*Your task*.
Go through the records line by line from the top and repeat each one exactly, ending with the line that contains "2022 Genesis G70".

*Supplied information*.
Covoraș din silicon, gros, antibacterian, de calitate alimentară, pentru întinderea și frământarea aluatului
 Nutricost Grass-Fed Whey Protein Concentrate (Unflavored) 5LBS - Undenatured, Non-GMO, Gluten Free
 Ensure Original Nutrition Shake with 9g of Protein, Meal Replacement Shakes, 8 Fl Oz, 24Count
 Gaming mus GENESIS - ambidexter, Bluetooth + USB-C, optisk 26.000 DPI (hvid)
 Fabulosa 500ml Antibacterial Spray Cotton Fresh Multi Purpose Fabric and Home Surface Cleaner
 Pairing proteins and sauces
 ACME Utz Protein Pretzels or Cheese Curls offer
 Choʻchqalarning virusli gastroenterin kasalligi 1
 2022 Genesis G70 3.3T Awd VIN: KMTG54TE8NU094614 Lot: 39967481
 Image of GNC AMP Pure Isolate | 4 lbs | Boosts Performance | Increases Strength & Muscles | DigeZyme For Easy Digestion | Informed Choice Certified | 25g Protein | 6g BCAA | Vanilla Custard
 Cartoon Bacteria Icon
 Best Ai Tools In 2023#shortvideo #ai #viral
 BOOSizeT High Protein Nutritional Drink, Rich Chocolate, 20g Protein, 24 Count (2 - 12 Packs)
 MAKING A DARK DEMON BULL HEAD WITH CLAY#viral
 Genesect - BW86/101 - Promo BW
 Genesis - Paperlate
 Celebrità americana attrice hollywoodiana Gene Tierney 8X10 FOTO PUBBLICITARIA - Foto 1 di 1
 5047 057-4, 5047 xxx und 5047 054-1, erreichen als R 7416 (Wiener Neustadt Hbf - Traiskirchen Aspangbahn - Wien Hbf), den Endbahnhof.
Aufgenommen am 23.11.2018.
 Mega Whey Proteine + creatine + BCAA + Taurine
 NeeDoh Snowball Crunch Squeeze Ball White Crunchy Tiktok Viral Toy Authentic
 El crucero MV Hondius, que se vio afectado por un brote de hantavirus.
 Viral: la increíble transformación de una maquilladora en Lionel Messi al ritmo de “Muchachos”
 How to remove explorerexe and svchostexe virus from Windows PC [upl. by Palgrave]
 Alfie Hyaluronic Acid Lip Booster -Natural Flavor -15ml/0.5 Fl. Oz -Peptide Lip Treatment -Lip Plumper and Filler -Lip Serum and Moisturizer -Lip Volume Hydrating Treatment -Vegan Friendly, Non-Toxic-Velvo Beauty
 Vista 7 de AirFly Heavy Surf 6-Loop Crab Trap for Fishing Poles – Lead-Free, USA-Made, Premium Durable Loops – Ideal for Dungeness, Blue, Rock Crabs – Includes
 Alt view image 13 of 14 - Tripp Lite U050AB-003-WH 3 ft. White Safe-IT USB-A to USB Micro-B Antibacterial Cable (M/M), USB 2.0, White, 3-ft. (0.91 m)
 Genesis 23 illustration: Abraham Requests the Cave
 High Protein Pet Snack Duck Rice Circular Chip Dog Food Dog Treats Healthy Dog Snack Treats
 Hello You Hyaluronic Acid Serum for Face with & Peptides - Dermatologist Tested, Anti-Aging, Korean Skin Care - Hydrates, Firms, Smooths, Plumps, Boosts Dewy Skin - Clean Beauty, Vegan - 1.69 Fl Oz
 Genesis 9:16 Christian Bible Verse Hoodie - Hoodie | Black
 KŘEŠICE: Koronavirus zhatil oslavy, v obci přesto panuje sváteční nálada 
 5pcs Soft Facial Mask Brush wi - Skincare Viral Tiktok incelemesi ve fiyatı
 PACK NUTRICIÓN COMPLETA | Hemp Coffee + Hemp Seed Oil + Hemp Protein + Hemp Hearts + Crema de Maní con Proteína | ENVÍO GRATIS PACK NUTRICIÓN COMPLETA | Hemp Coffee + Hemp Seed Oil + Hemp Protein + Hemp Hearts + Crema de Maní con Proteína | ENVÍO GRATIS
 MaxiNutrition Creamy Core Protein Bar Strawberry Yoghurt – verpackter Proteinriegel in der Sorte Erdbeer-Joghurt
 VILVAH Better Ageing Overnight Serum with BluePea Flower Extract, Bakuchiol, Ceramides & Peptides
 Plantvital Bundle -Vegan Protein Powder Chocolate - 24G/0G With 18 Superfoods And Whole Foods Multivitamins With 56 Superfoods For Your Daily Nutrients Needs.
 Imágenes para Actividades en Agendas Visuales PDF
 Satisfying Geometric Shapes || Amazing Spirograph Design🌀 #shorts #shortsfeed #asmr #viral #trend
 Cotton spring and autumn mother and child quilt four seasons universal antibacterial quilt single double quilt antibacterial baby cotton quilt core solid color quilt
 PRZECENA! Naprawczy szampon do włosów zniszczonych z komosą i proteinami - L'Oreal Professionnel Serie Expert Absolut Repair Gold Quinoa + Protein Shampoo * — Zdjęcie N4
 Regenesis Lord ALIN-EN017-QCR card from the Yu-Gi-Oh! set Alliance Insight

*Completed task*.
Covoraș din silicon, gros, antibacterian, de calitate alimentară, pentru întinderea și frământarea aluatului
 Nutricost Grass-Fed Whey Protein Concentrate (Unflavored) 5LBS - Undenatured, Non-GMO, Gluten Free
 Ensure Original Nutrition Shake with 9g of Protein, Meal Replacement Shakes, 8 Fl Oz, 24Count
 Gaming mus GENESIS - ambidexter, Bluetooth + USB-C, optisk 26.000 DPI (hvid)
 Fabulosa 500ml Antibacterial Spray Cotton Fresh Multi Purpose Fabric and Home Surface Cleaner
 Pairing proteins and sauces
 ACME Utz Protein Pretzels or Cheese Curls offer
 Choʻchqalarning virusli gastroenterin kasalligi 1
 2022 Genesis G70 3.3T Awd VIN: KMTG54TE8NU094614 Lot: 39967481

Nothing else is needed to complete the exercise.